Ammonite is a painstakingly well crafted, slow period drama about repressed female sexuality, stoicism, devotion to a calling and the bitter acceptance of the limitations of society.
It’s held together by an impeccable, minimalist, almost wordless, central performance by Kate Winslet as the palaeontologist Mary Anning, who is initially shown as hard, craggy and cold as the freezing sea water is in Lyme Regis where she has chosen to live and work.
Winslet is almost certainly looking to be nominated during awards season for this brittle, unglamorous performance. There is something reminiscent of her Oscar-winning role in The Reader here.
Mary Anning wears trousers under her gown, pees on the beach and barely communicates with her mother who is quietly aware of her daughter’s unspoken needs. She is approached by a wealthy scientist who admires her work and eventually pays her to walk out with his wife, who is suffering from mild melancholia, while he’s out of town.

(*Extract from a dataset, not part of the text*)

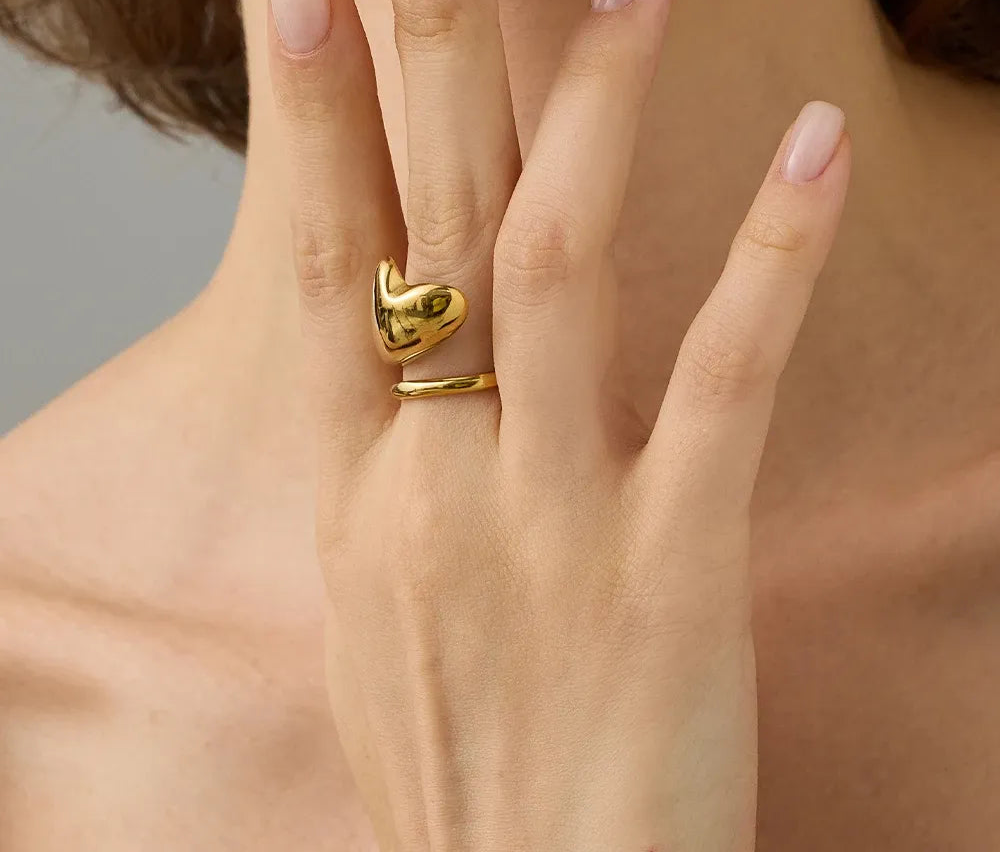 OEL - Sculptural Liquid Gold Ring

Cue Anning opening up to a love that dare not speak its name.
To refer to the craftsmanship of this film is not to denigrate it. Nor is the term meant in a pejorative way. It’s simply that the craftsmanship is very much on display in this hard to love film, often at the expense of the passion, emotion and feeling. Director Francis Lee gives us many contrasts; the austere, Spartan existence of Mary versus the pampered luxury in which Mary‘s object of interest, Charlotte Mercherson (Saoirse Ronan), lives with her largely absent (both physically and emotionally) husband. The turmoil and longing inside Mary versus her closed off, gruff to the point of rudeness exterior. But the film is so busy setting up these contrasts and showing us the small acts of Mary’s enclosed life that it’s hard to become involved in it or care for her happiness.
Ammonite is the sort of festival film that needs critical acclaim to push it forward towards awards/commercial success. The gushing from some critics has been as predictable as the plot of the film. Francis Lee carries a lot of goodwill from his previous film God’s own country. But would the same film have had acclaim if the central romance had been a heterosexual one? There are those who will applaud the explicit lesbian scenes simply because it is two women having sex. Winslet and Ronan certainly go for it, hammer and tongue, as it were. No doubt they didn’t want to be accused of not going the distance. But there’s simply no chemistry between them. The supposed love between them is jarringly unconvincing.
Ammonite is a film clearly made with tender loving care. It is impeccably acted by the small cast and particularly Winslet in the leading role and Ronan as her supporting lady. But it’s a curiously cold, uninvolving, slight story that never really catches fire.